Knowing what I have been up to lately, my husband clued me into the Kinnaird Ravine art walk, and I went along with him with our son and dog to check it out. The KinnArt Ravine project was mounted in early November 2015. Since then, people who walk along one portion of the gravel path through the ravine also pass through a public art gallery. News coverage at the time gives good information on the project and many more photos.


This part of the ravine is so deep and low that it is easy to forget the ravine is in the city's downtown. At first I mourned the now more obvious signs of human activity that the murals present. Of course, my desire for nature to somehow trump human occupation is based on willful illusion: I am well aware that I am in a city when I walk through the ravine. In any event, the paintings replace an existing retaining wall along the trail, so the murals beautify an existing architectural structure.

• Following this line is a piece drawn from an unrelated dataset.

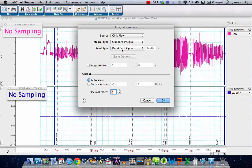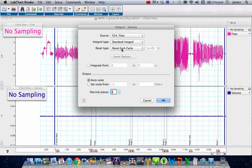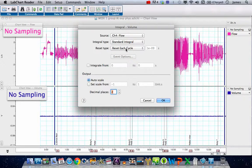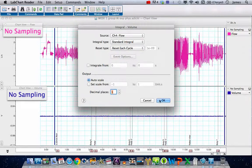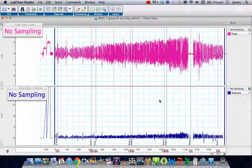Every time the data goes back past the zero line—in other words, in theory the net movement of gas is zero—we're going to reset the integration. You don't need to worry about any other settings except to move the decimal places down to something sensible. Let's leave that on one and then press OK.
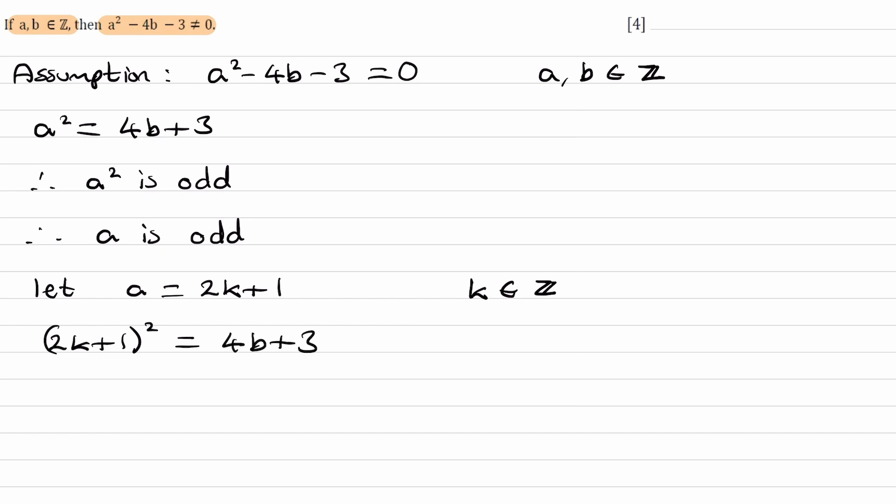I'll expand this out: 4k² + 4k + 1 = 4b + 3. Then I'll bring all the terms with 4 to one side: 4k² + 4k - 4b = 2.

This project is listed on the website of Make Something Edmonton, the same group that is coordinating 100in1 Day.

News coverage at the time emphasized the community league's desire to discourage the graffitti that covered the previous retaining wall. As one of the organizers pointed out, however, public art is not alien in other parts of the world, such as his home town in Chile.

I sometimes get suspicious about attempts to discourage graffitti, even though I realize that much graffitti is not art. I was pleased, then, to see some graffitti-style murals in KinnArt.

Signs of creativity and positive group effort please me and give fodder for my humble blog too. I salute the artists and organizers of this project.